__YOUR GOAL__
Once "Landscape Metal Print" turns up in a line below, reproduce that line and those after it exactly, stopping after the line with "Dieren - Bird"; leave pictures out.

__DATA PROVIDED__
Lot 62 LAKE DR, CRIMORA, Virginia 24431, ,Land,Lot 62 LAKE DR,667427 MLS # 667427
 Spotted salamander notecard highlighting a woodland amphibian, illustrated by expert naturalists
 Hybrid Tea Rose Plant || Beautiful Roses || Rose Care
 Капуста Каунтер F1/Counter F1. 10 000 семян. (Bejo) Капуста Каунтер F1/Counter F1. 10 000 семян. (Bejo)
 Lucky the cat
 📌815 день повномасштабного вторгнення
--
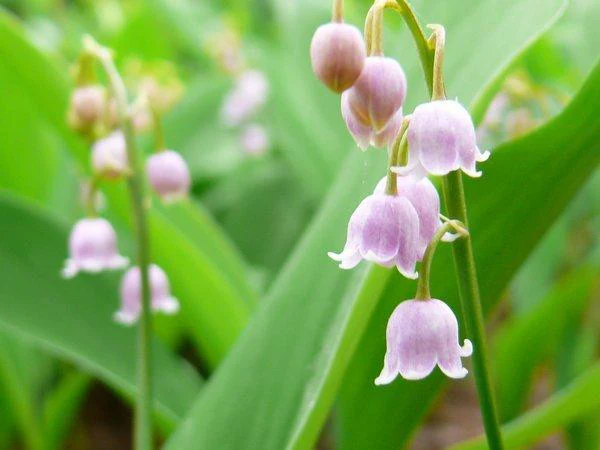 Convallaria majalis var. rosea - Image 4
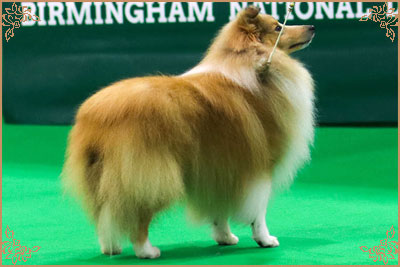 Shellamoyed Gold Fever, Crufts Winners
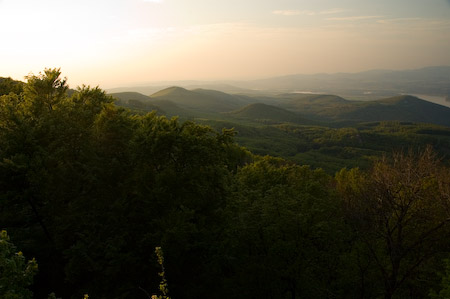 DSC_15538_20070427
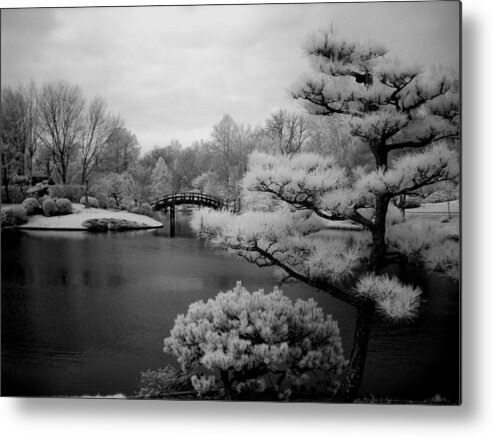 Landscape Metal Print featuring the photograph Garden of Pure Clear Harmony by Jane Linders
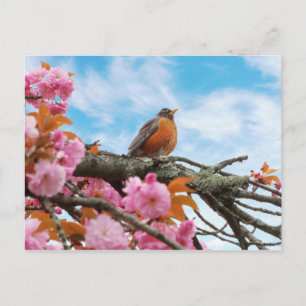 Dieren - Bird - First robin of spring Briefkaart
---
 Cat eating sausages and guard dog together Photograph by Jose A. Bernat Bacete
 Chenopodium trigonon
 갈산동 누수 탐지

__WRITTEN RESPONSE__
 Landscape Metal Print featuring the photograph Garden of Pure Clear Harmony by Jane Linders
 Dieren - Bird - First robin of spring Briefkaart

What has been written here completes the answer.